You can also host the repository logic at a parameterized URL path. This is useful when your API supports multiple named git repositories, for example:
app.use("/git/:repositoryName", new MemoryGitRepository().createExpress(Express))
The request object is passed to all relevant extensibility points of the GitRepository base class, which can then extract the necessary parameters from req.params
. The MemoryGitRepository class does not provide support for multiple repositories.

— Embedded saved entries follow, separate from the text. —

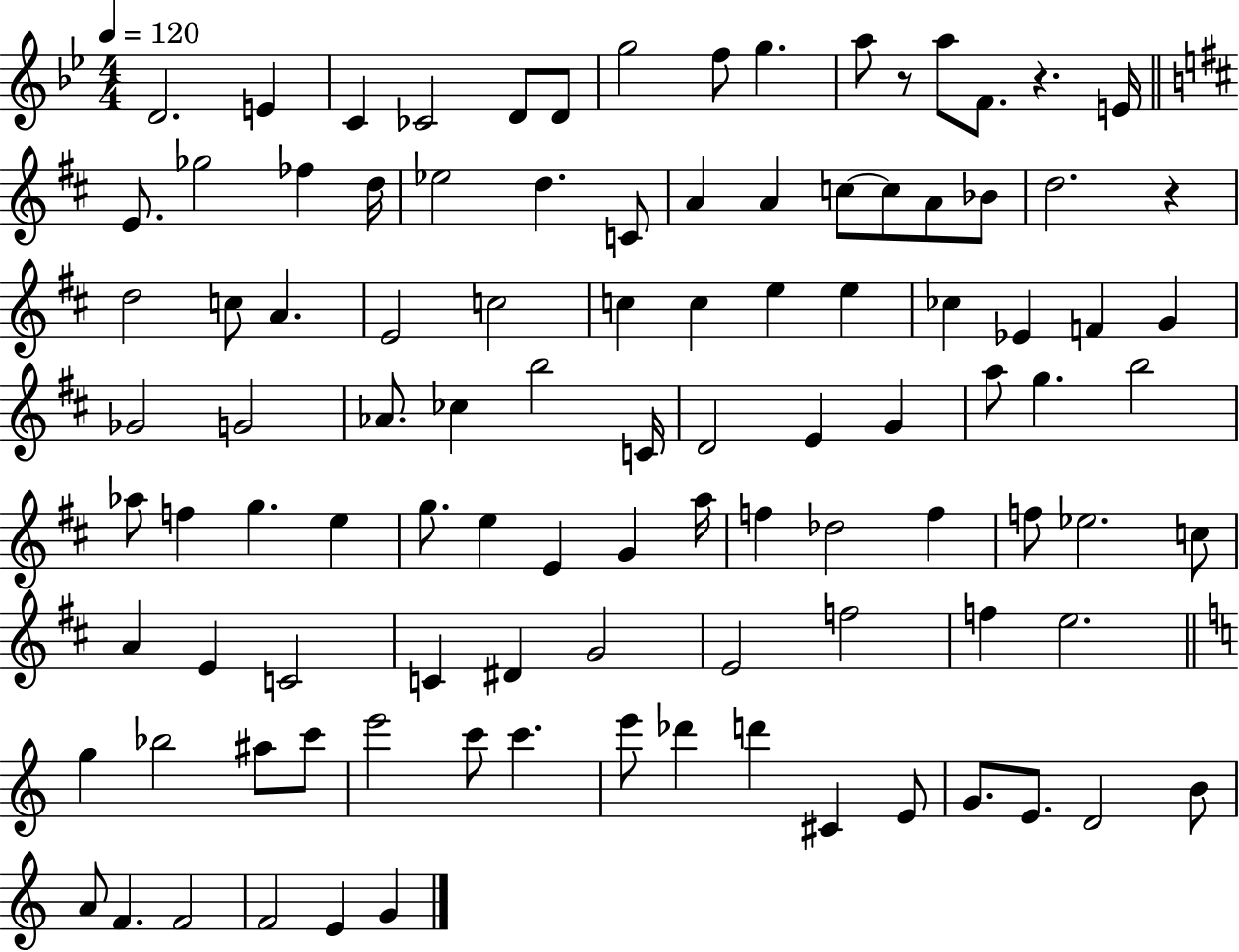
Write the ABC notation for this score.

X:1
T:Untitled
M:4/4
L:1/4
K:Bb
D2 E C _C2 D/2 D/2 g2 f/2 g a/2 z/2 a/2 F/2 z E/4 E/2 _g2 _f d/4 _e2 d C/2 A A c/2 c/2 A/2 _B/2 d2 z d2 c/2 A E2 c2 c c e e _c _E F G _G2 G2 _A/2 _c b2 C/4 D2 E G a/2 g b2 _a/2 f g e g/2 e E G a/4 f _d2 f f/2 _e2 c/2 A E C2 C ^D G2 E2 f2 f e2 g _b2 ^a/2 c'/2 e'2 c'/2 c' e'/2 _d' d' ^C E/2 G/2 E/2 D2 B/2 A/2 F F2 F2 E G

Implementing your own storage
The GitRepository base class exposes a few methods that must be implemented in derived classes to support the storage mechanism of your choice:
class GitRepository {
// Must be overriden
async getRefs(req) {}
async receivePack(req, commands, objects) {}
async getObject(req, hash) {}
// May be overriden
async getHeadRef(req) {}
async authorize(req, res, next) {}
async getReceivePackSuccessMessage(req, commands, objects) {}
async getUploadPackSuccessMessage(req, objects) {}
}
The minimal implementation would then look like this:
const { GitRepository } = require("@fusebit/cloud-git");
class MySqlGitRepository extends GitRepository {
async getRefs(req) { /*...*/ }
async receivePack(req, commands, objects) { /*...*/ }
async getObject(req, sha) { /*...*/ }
}
Below is the documentation of individual methods.
async getRefs(req)
The method must return all git references stored on the server. The array has the following schema:
[
{ "ref": "{refName}", "sha": "{sha}" },
...
]
For example:
[
{ "ref": "refs/heads/main", "sha": "fd31bdda597916d85b2a35f6b8f2d91b6159448c" }
]
If you are starting from an empty repository, this array would initially contain no elements, and would be populated from the receivePack method described next.
async receivePack(req, commands, objects)

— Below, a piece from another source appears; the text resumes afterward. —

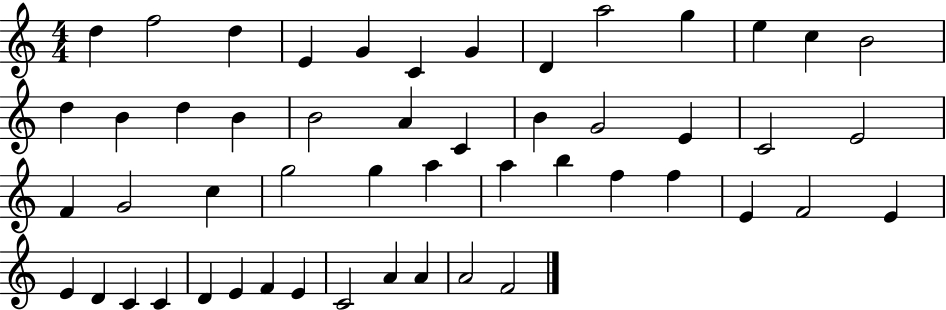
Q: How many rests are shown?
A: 0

This method is called when changes in the repository are requested by the client, typically as a result of the git push command.
The req represents the request and can be used to access req.params.

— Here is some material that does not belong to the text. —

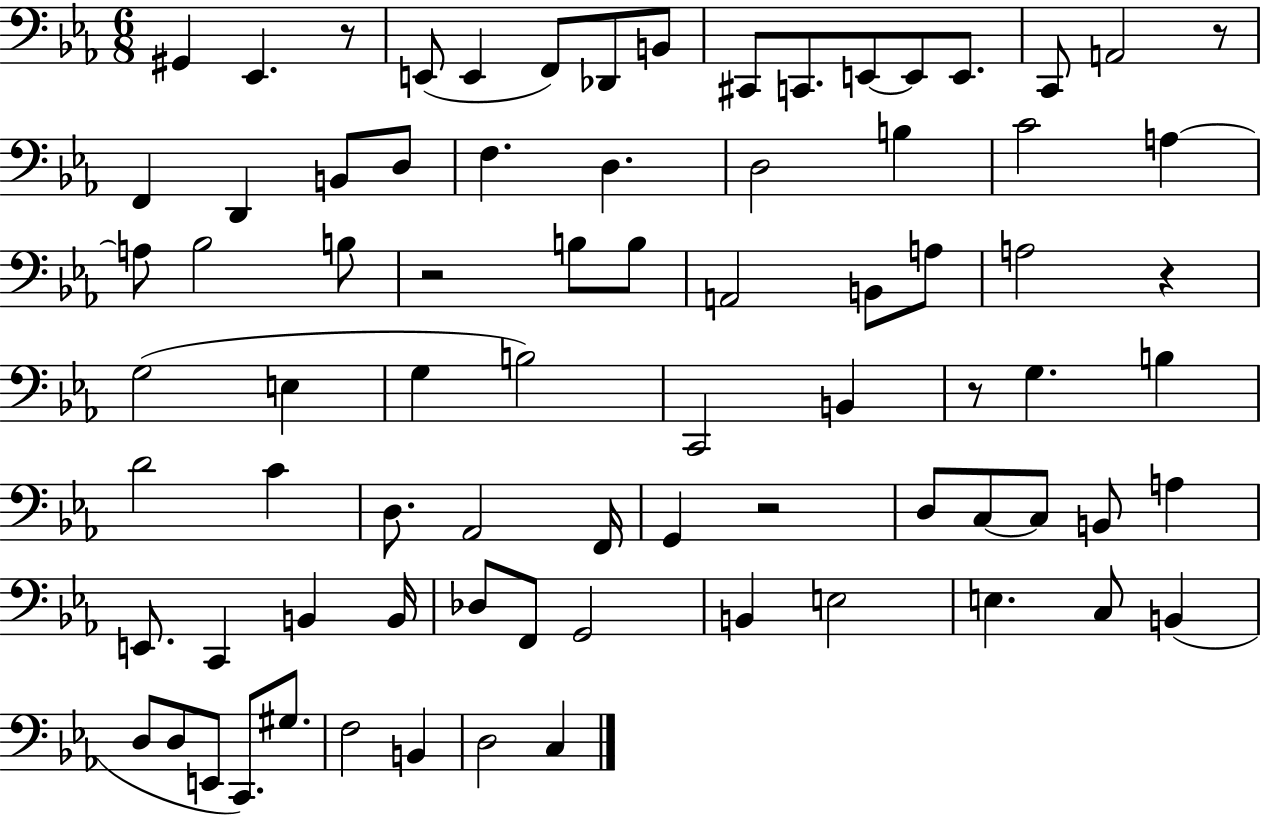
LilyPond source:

The commands is an array of objects describing the changes in the repository requested by the caller. The array has the following schema:
[
{ "srcId": "{sha}", "destId": "{sha}", "ref": "{refName}" },
...
]
Each element in the array represents a change in the sha value from srcId to destId that the specified git ref needs to point to. There is a special "zero" sha value consisting of 40 0
characters which can be used either as srcId or destId, as follows:
- If srcId is a zero sha, a new ref is being created to point to destId.
- If destId is a zero sha, an existing ref pointing to srcId is being deleted.
- Otherwise, an existing ref is being updated to point to destId instead of srcId.
The GitRepository class provides a convenience method this.isZeroSha(sha) that can be used to test for the zero sha.
The objects parameter is an array containing all new objects the client has sent to the server which need to be stored. The array has the following schema:
[
{ "sha": "{sha}", "objectType": "blob|tree|commit|tag", "data": <Buffer> },
...
]
The sha uniquely identifies the object (it is a hex-encoded SHA1 value of the data with addition of some metadata). The objectType describes the type of an object as one of the four core types git supports. The data is a buffer containing the actual object data.
async getObject(req, sha)
This method must retrieve from storage and return a previously stored object identified with sha (a 40 character hex encoded string). The req represents the request and can be used to access req.params.
The method must return an object with the same schema as the one previously provided to receivePack, or throw an exception if the requested object does not exist:
{ "sha": "{sha}", "objectType": "blob|tree|commit|tag", "data": <Buffer> }
async getHeadRef(req)
This method can optionally return the ref name of the HEAD of the repository. This will be sent as a hint to clients who clone the repository so that they can establish a default branch. If you return undefined, no hint will be provided, and the client will need to manually select their branch after cloning. You would typically return something like ref/heads/main
, depending on the setup of your repository.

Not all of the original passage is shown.